Samuel Johnson (1709-1784) was the dominant literary figure of the later eighteenth century. He was most famed in his day as the author of the first comprehensive Dictionary of the English Language, but he would be eventually celebrated in equal measure as a great moral sage, essayist, poet, critic, conversationalist, and the second most quoted person in the English language after Shakespeare. Laurence Sterne (1713-1768) was an Irish-born Anglican clergyman who achieved instant celebrity as the author of one of the most wildly innovative comic novels in English, The Life and Opinions of Tristram Shandy, Gentleman. Though the novel is now considered a key work in the evolution of the novel and a precursor to postmodernist experiments in self-reflexive writing, not every reader has responded favourably to its dizzying novelties. Samuel Johnson, who likely never met Sterne, notoriously if incorrectly predicted that the novel‘s popularity would fade. James Boswell (1740-1795) also aimed to become a great literary author of the period but his reputation did not fare as well as Johnson‘s or Sterne‘s. A generation after his death, he had come to be seen as a buffoon who had needled his way into the company of the powerful and talented while displaying little talent or with himself. The 19th-century essayist Lord Macaulay pronounced him “one of the smallest men who ever lived [...] a man of the meanest and feeblest intellect [...] shallow and pedantic, a bigot and a sot [...] a common butt in the taverns of London.” Yet Boswell kept meticulous records of his conversations with the eminent writers and thinkers of his age, and from these records were produced not only a remarkable series of journals, unmatched in their detail and directness, but equally one indisputable masterpiece, his Life of Johnson, which is generally regarded as the greatest biography in English.

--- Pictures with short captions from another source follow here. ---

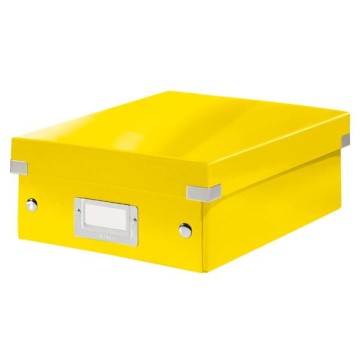 Pudełko z przegródkami A5 LEITZ WOW C&S żółte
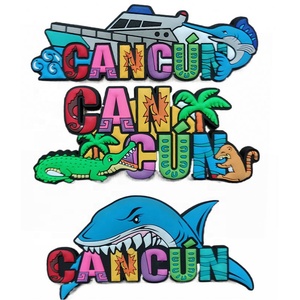 Imán de Refrigerador de PVC de Goma <span class=keywords><strong>3D</strong></span> Personalizado con Diseño de Animales, Árboles y Barcos, Recuerdos de Viaje a la Playa de México - Product Image 2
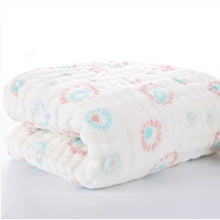 Load image into Gallery viewer, Muslin Swaddle Baby Blankets Swaddling 100% Cotton Swaddle Wrap for Newborn Babies 6 Layer Bath Towel Blanket Baby Bedding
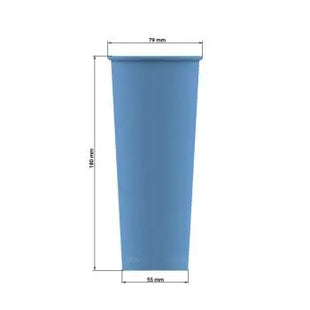 ToGo Becher 500ml in Klassischem Weiß – Perfekt für Unterwegs TK Gruppe® Grosshandel 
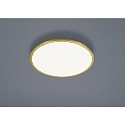 LED Ceiling luminaire RACK LED, round, IP20, gold leaf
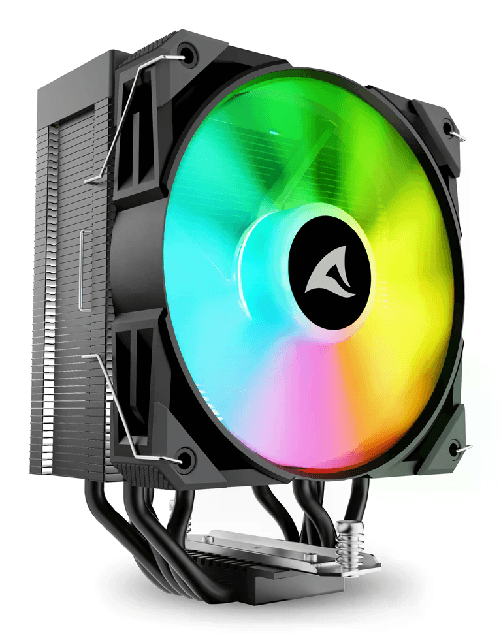 Sharkoon Dissipatore Ad Aria 1X 120Mm Argb Pwm Fan 5X Copper Pipes Direct Touch Tdp 230W Effetto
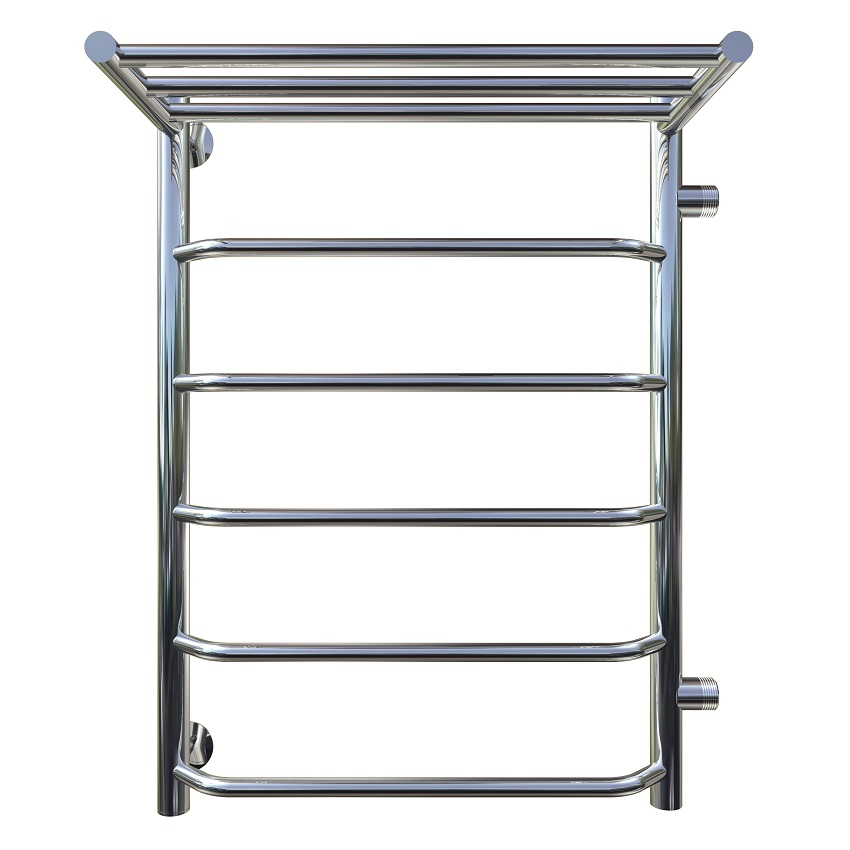 Приобрести тругор водяной полотенцесушитель браво п6 400х800 мм r с полкой и боковым подводом, хром 00-00017294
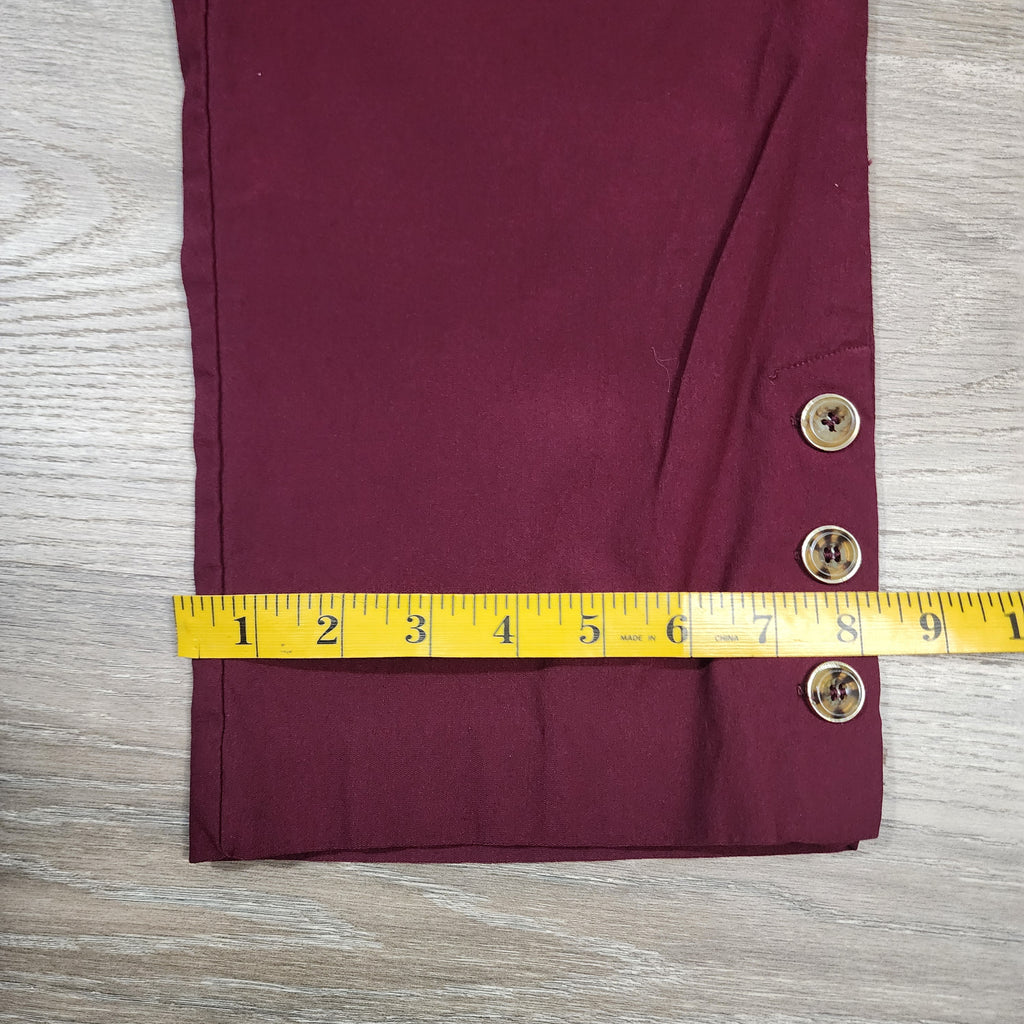 Roz & Ali Burgundy Cropped Dress Pants – Plus Size 20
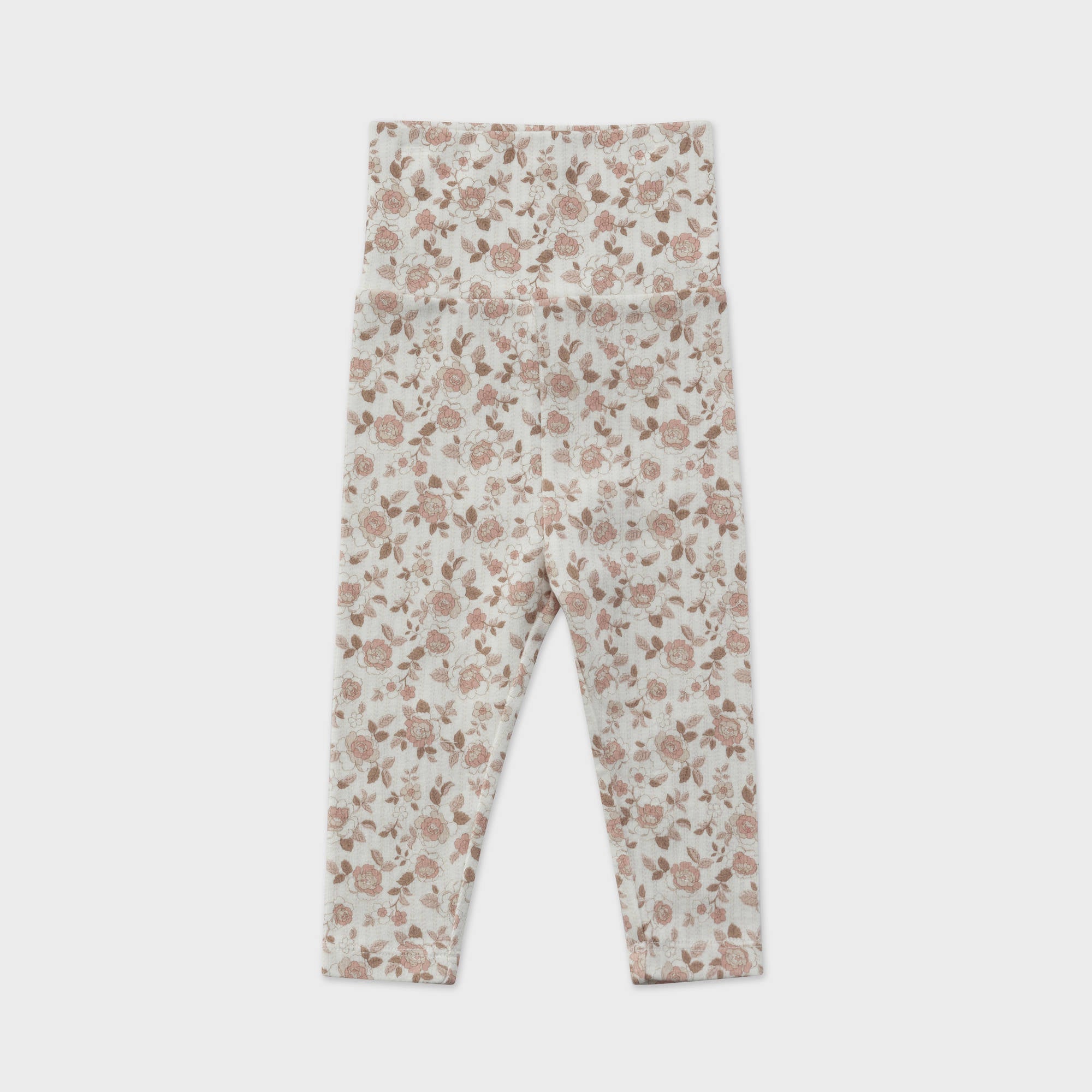 Baby Girls Pink Floral Cotton Set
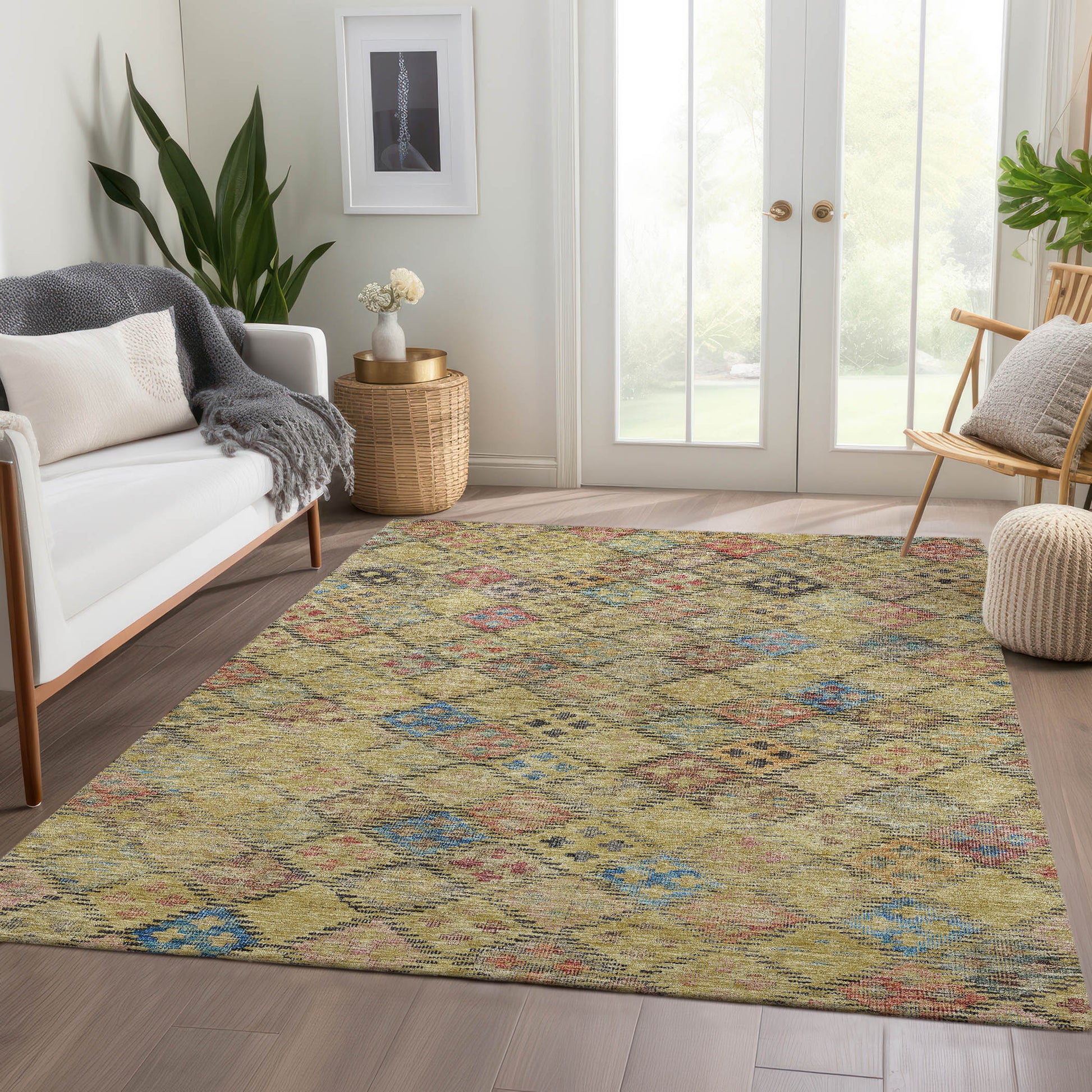 Dalyn Rugs Solace  Gold  transitional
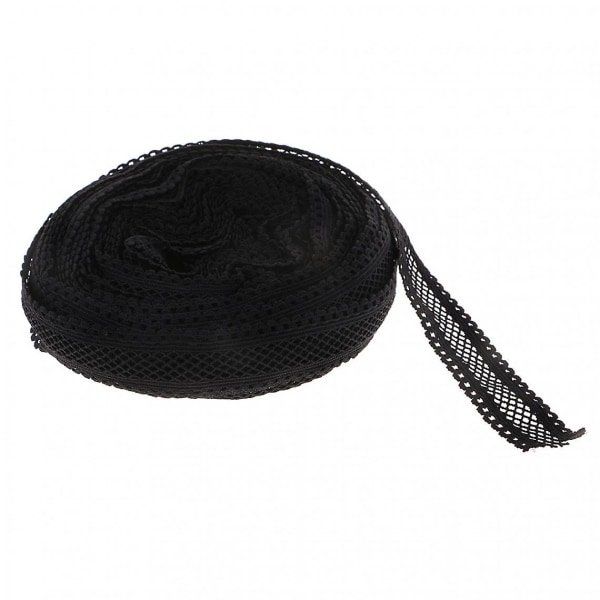 5 yards 18 mm elastisk elastisk blondebånd Gjør-det-selv syhåndverk svart
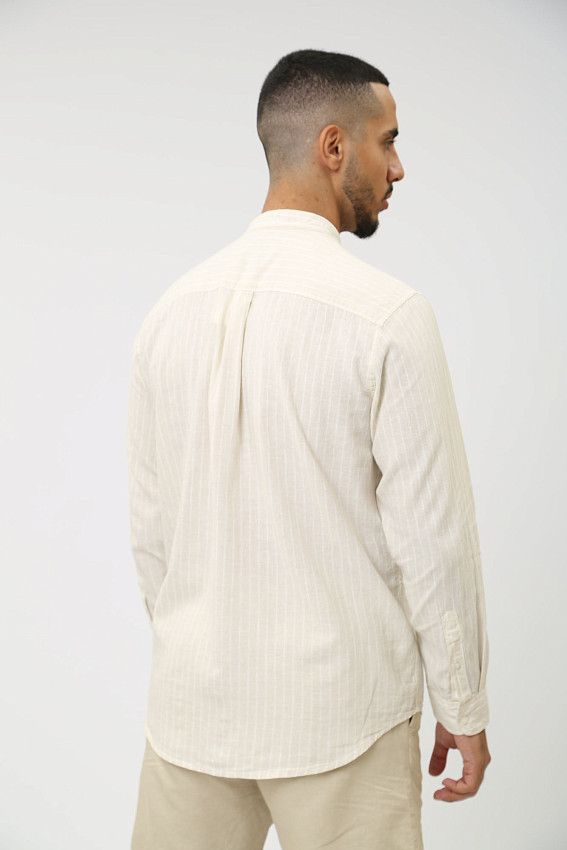 Рубашка с длинным рукавом Pepe Jeans Бежевый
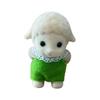 1PC Mini Forest Family Animal Figure Elephant Sheep Flocking Shaggy Figurine Model Toy For Kid Birthday Party Gift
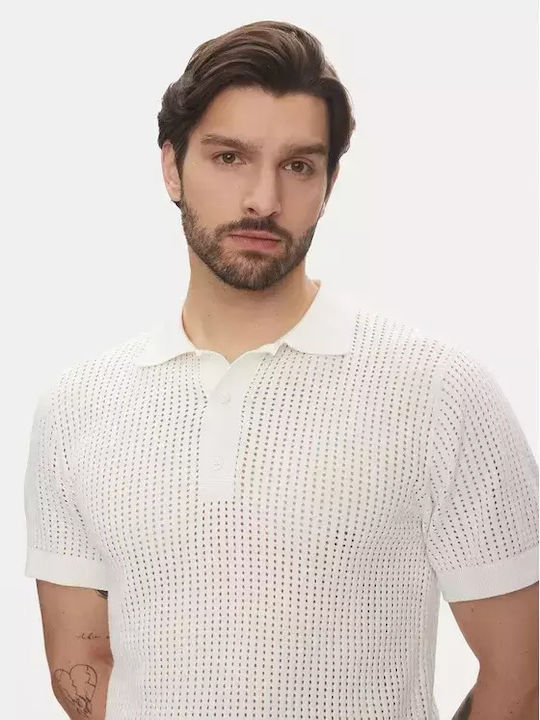 Polo Short Sleeve Blouse White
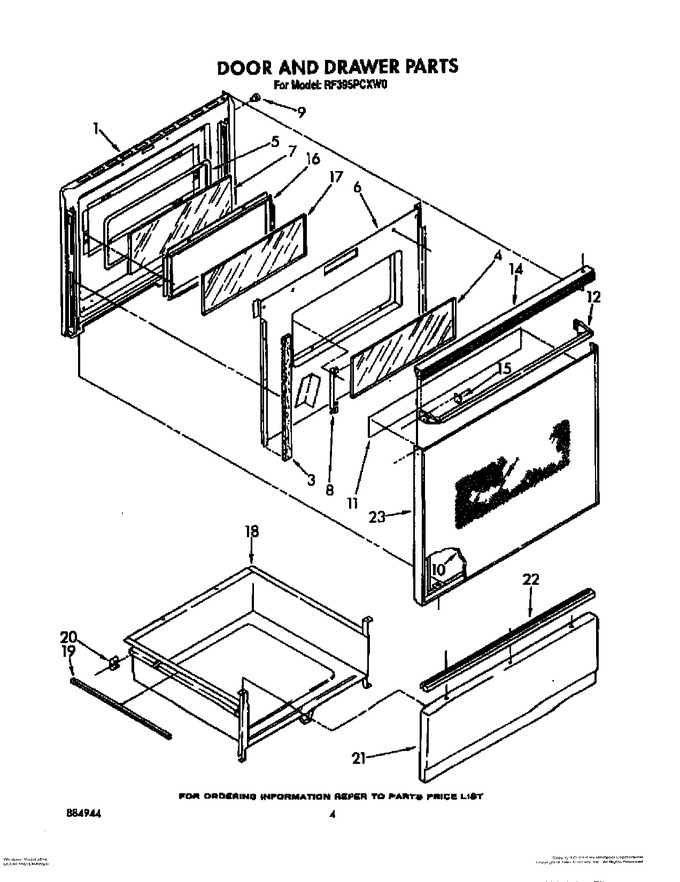 Diagram for RF395PCXW0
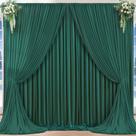 Pano de fundo PARTISKY Hunter Green 16x10 pés 4 painéis Pano de fundo PARTISKY Hunter Green 16x10 pés 4 painéis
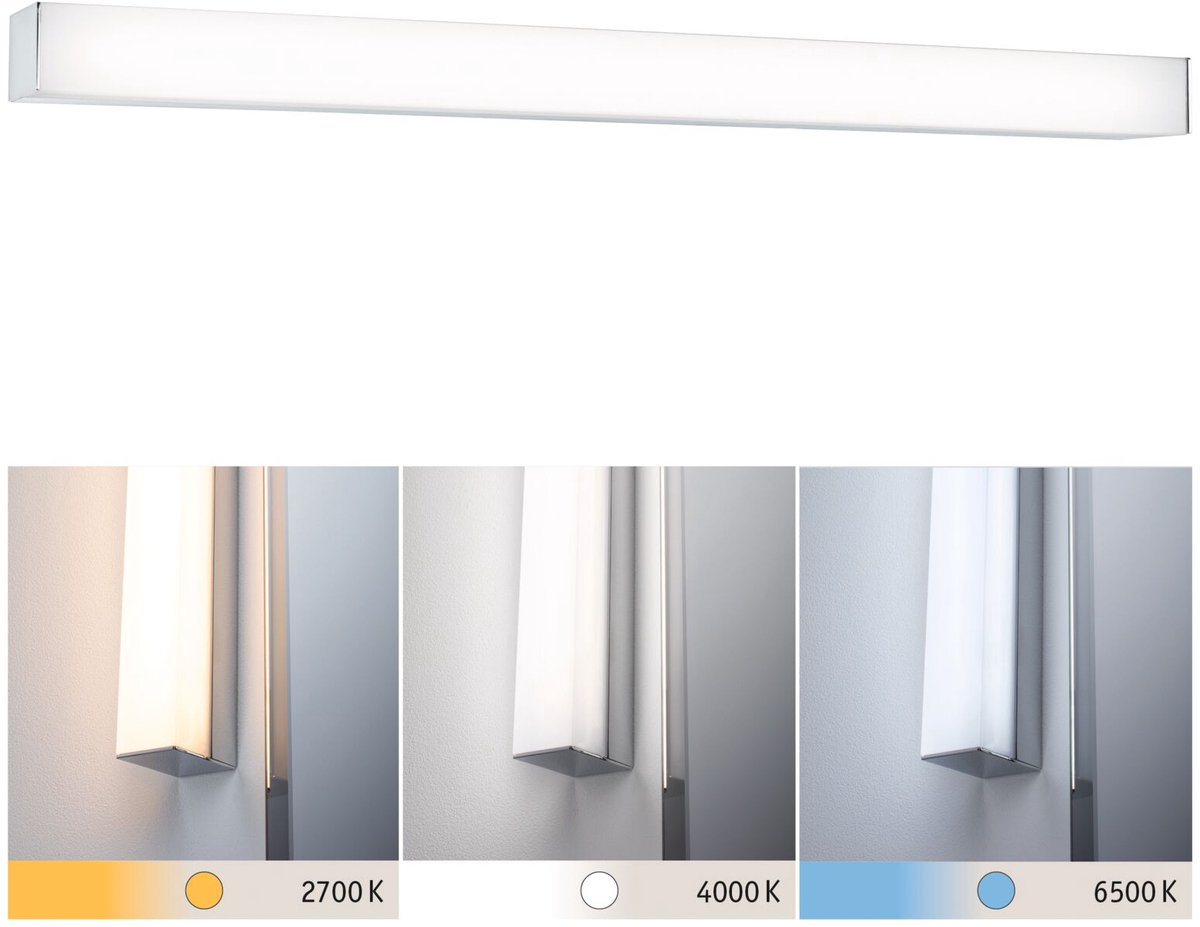 Paulmann HomeSpa Tova 78944 LED-spiegellamp 6.20 W Warmwit Chroom, Wit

In this ambitious and exhaustively researched paper, Adria Young gathers pretty much all evidence available (and there‘s not much of it) connecting Sterne to Johnson, with Boswell emerging as a go-between connecting these two very different personalities. But more than showing how their lives may have intersected, Young develops a lively and suggestive argument about how Boswell, always in search of a father-figure, ultimately shed the exuberant Sterne‘s early influence in favour of Johnson‘s sturdier guidance.